The equation is further complicated by the thousands of criminals Hussein released from prison in the months before the March invasion by U.S.-led coalition forces. And by the tens of thousands of Kalashnikov rifles and pistols that make every neighborhood an arsenal. Coalition troops confiscated heavy weapons in July but allowed Iraqis to keep some light arms for self-defense. These guns often lead to murder.

The rash of bloodshed provides a stark indication that Iraqi society is careening out of control and that Hussein's aftermath carries its own incomprehensible brutality.

Bodies are fished out of the muddy-green Tigris. They are pulled from alleys, gathered from rooftops and lifted from garbage piles. Some are left on the roadside, like that of Bashar Khammas Mohammed, a 26-year-old taxi driver who was strangled with his own headdress. They are then brought to the morgue, where a meticulous man wearing rubber gloves ties strings around their wrists and assigns each of them a number.

"We are a people not yet suitable for democracy," said Sattar Mohammed, who waited the other day with an open coffin to pick up his slain neighbor. "We need to be strictly handled. We need a tight fist over us. We lived like that for 30 years under Saddam Hussein, but now people are free, and they're acting on their will.
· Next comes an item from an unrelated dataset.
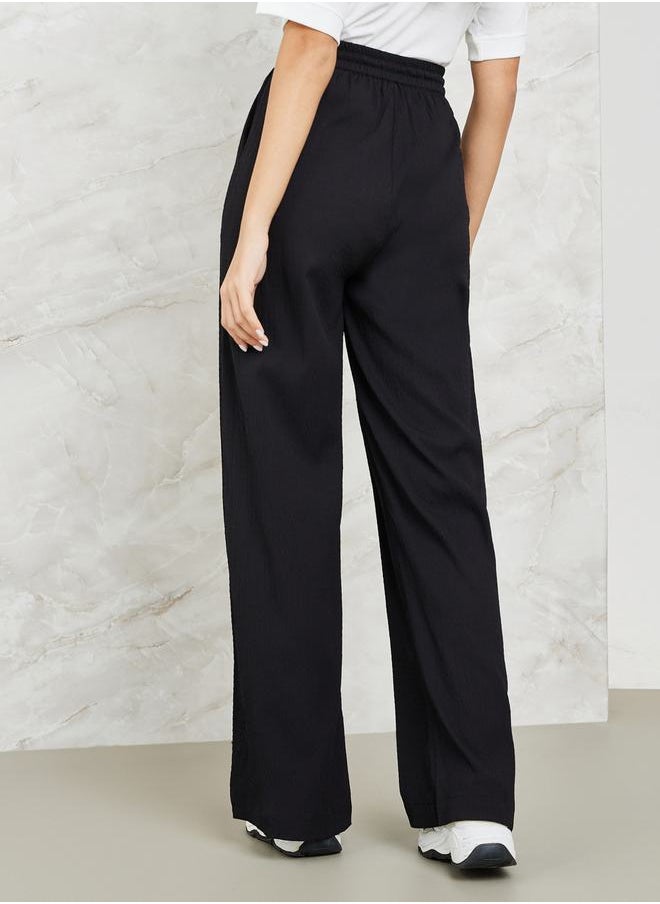 Styli - Textured Wide Leg Pants with Side Pocket - Image 1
It is dangerous."

That grim assessment is echoed often.

"I've been working in this morgue for 29 years," said pathologist Abdul Razzaq Ubaidi. Each of his pale blue folders holds a sheet of paper describing a body. "It used to be accidents and natural deaths. Now there are too many weapons in society. We used to dissect six or seven bodies a day, but now we do 25 to 35 a day, and 80% of them are bullet injuries. We have more freedom, but with the absence of security there is more freedom for murder."
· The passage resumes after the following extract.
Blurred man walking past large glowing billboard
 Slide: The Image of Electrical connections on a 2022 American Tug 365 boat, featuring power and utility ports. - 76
A state of lawlessness has resulted as Iraqi society veers between the end of tyranny and unfulfilled promises of stability from an embryonic U.S.-backed government struggling to bring a new form of administration to the country. The police force is understaffed at 38,000 officers nationwide, although it is expected to grow to 65,000. Baghdad has more than 5,000 officers, down from 17,000 before the war.

The death of Sheik Abdul Jabar Farhan Salman, according to authorities, appears to have been caused by a mix of revenge and opportunism. A member of the powerful Bu-Issa tribe in the city of Fallouja, the sheik controlled much of the region's cigarette market. Rich enough to escape the turmoil of postwar Iraq, Salman moved his family to Amman, Jordan. He visited Iraq frequently to check on his business.